Ön tarafta onarım ve tarihi yapıların restorasyonu dışında bir şey yapılamaz.

Bizde inandık değil mi?

Bu kentin uzmanlarından Profesör Doğan Kuban şöyle der; ”İstanbul sokaktır, mahalledir. O İstanbul artık yok.”

Kuban’a göre, 100 yıl içinde Boğaziçi’nde yıkılan, kaderine terk edilip yok olan çok sayıda yalı ve köşk var, şimdi yerlerinde siteler yükseliyor.
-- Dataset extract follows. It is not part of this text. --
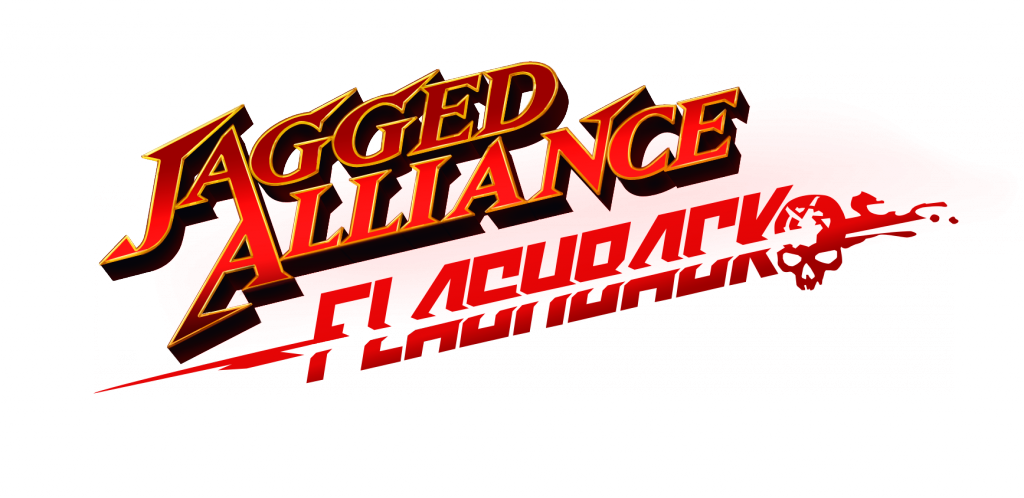 Jagged Alliance Logo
Osmanlının av alanı olan korular ön ve arka görünüm fark etmez; apartman yığınları haline geldi.

Ön görünümde fazladan yapılan ek binaları, çatı katlarını, yeraltına uzanan uydurma yapılarını burada sıralamayayım, bazıları ünlü isimlere ait. Üstelik imar aflarının buralarda nasıl işleyip işlemediğini bilmiyoruz (aslında aflar boğaz ön görünümü kapsamıyor)

VANİKÖY’DEKİ KAÇAK VİLLA

Medyamızda kaçak villayla ilgili haber şöyle başlıyor; “Boğazın en değerli yeri…” Sanki boğazın diğer yerleri değersizmiş gibi!

Boğazdaki bu tür yapıların para kaynakları şaibeli olan kişilere ait çıkması da işin garip yanı. Öyle ya; o kadar zengin var… Onlar neden para yatırmaz böyle bir yapıya? Biraz bu tarafını da araştırmak lazım.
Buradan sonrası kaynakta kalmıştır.